Support Questions

Find answers, ask questions, and share your expertise

loop xml attributes

avatar
Contributor

We have the below xml configuration as input to get the to-path value to put files.

<configuration verbose="false" debugMode="false">
	<dataFlows> 		
		<dataFlow>
			<properties> 				
				<dept>salary</dept>
				<version>1.0</version>			
			</properties>
			<filePattern>salary_*.gz</filePattern> 	
			<to>				
				<path>d_${dept}/${version}/csv</path> 			
			</to> 		
		</dataFlow> 
		<dataFlow>
			<properties> 				
				<dept>pension</dept>
				<version>2.2</version>			
			</properties>
			<filePattern>pension_*.gz</filePattern> 	
			<to>				
				<path>d_${dept}/${version}/csv</path> 			
			</to> 		
		</dataFlow> 	
	</dataFlows> 
</configuration>

I have followed the nifi-lookupattribute-and-updateattributes to handle a single <dataFlow>. Thanks to @jfrazee.

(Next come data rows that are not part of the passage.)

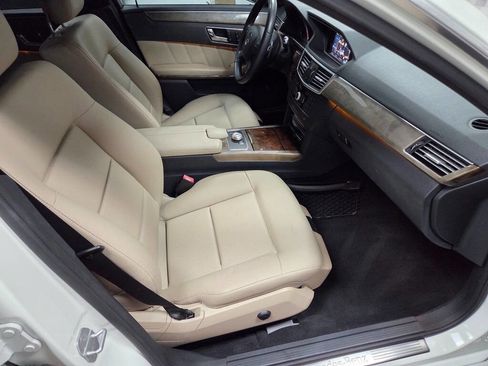Used 2010 Mercedes-Benz E 350 Sedan image 16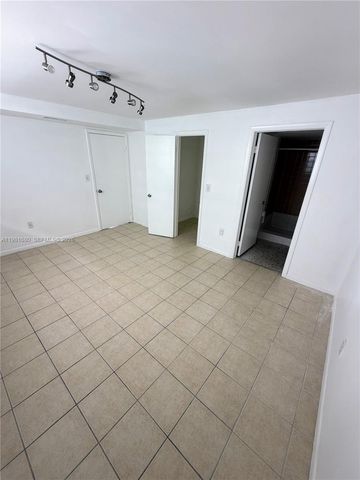 2001 Bay Dr 204, Miami Beach, FL 33141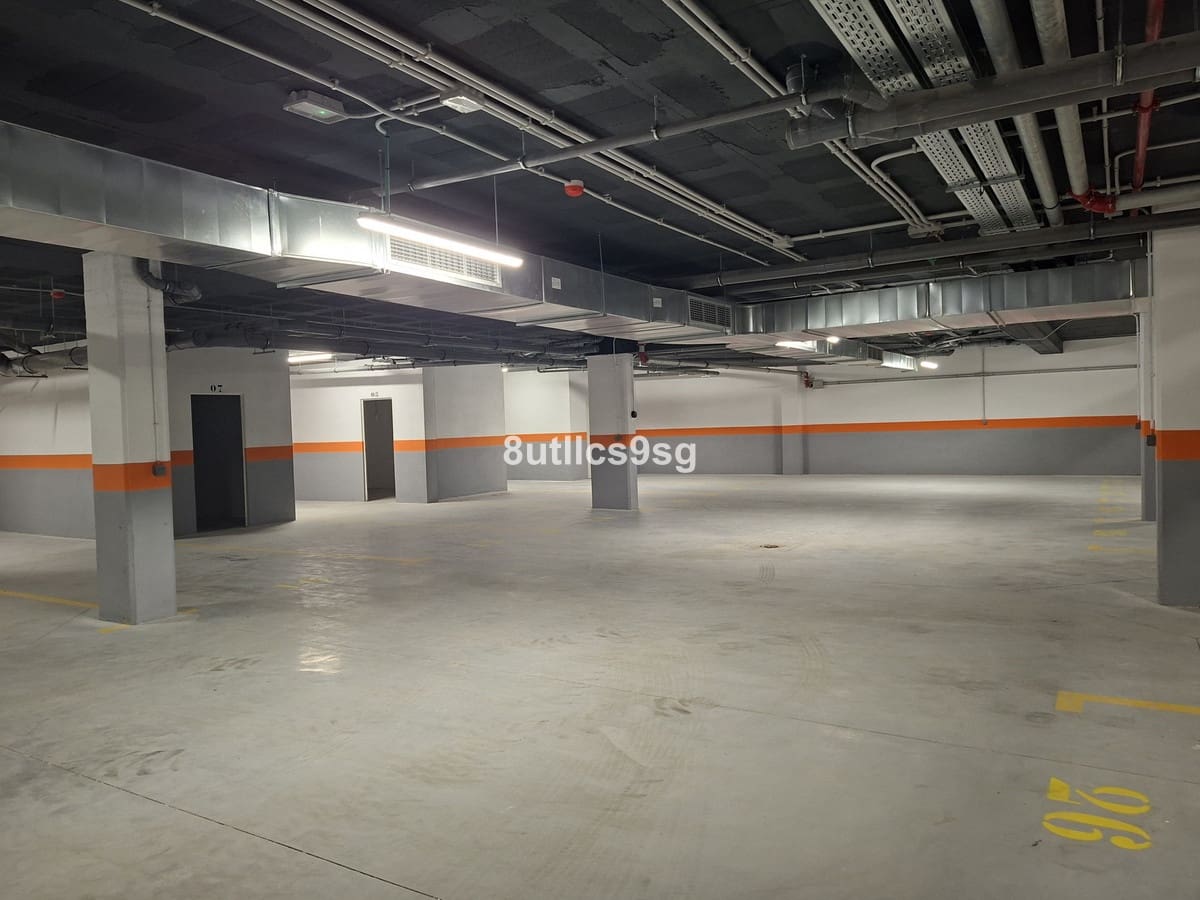 Apartamento de 3 habitaciones en Estepona en venta - 1.350.000 € (Ref: 9524875)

Does anyone know how to loop attributes? I will be having 100s of <dataFlow> attributes in a single xml config file. I have added just 2 in the above example.

1 ACCEPTED SOLUTION

avatar

Hi @Pavan Challa

If I understand your use case correctly, I think I have come up with a groovy script to do the job.

It loops through dataFlow elements, test if filePattern matches, then resolve path with ExpressionLanguage. Please check this Gist if it works for you:

https://gist.github.com/ijokarumawak/a4ef40b49b45cecf3c43b56493683725

I had to change filePattern to be Regular Expression

<filePattern>salary_*.gz</filePattern>
/* Added a dot before the star */
<filePattern>salary_.*.gz</filePattern>

Hope this helps.

View solution in original post

4 REPLIES 4

avatar

Hello @Pavan Challa

Probably SplitXml processor will be helpful. Specify depth '2' and you'll get FlowFiles having only single 'dataFlow' element as its content.

avatar
Contributor

@kkawamura, Thanks for your response. In my case, the FlowFiles are not xml files. It will be txt or gz files. So I will be using LookupAttributes (which will be using XMLFileLookupService) to read the XML config file (shown above) for to-path to put FlowFiles (*.txt or *.gz) into destination path (to-path: ex: /d_salary/1.0/csv or /d_pension/2.2/csv). So I need to know the way to loop my XML config file.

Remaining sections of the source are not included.